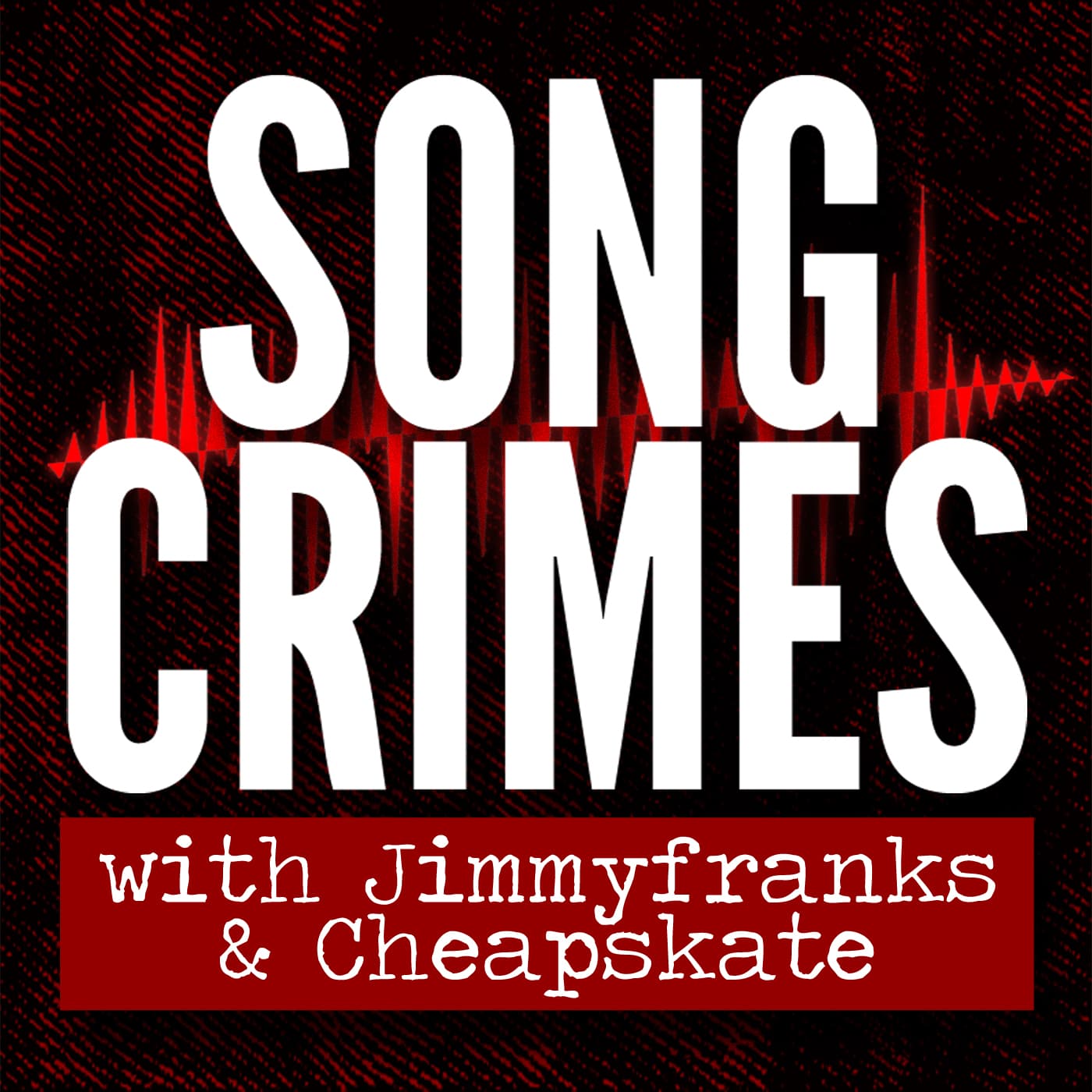 Song Crimes - Podcasts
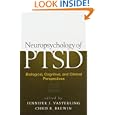 Neuropsychology of PTSD: Biological, Cognitive, and Clinical... by  Jennifer J. Vasterling and Chris R. Brewin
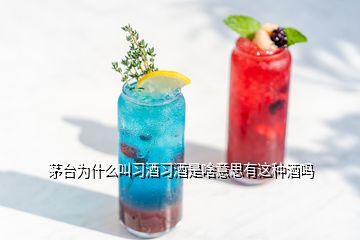 茅臺為什么叫習(xí)酒習(xí)酒是啥意思有這種酒嗎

::::

Task to complete
Copy out the data verbatim, excluding the pictures.

Your response
 Song Crimes - Podcasts
 Neuropsychology of PTSD: Biological, Cognitive, and Clinical... by  Jennifer J. Vasterling and Chris R. Brewin
 茅臺為什么叫習(xí)酒習(xí)酒是啥意思有這種酒嗎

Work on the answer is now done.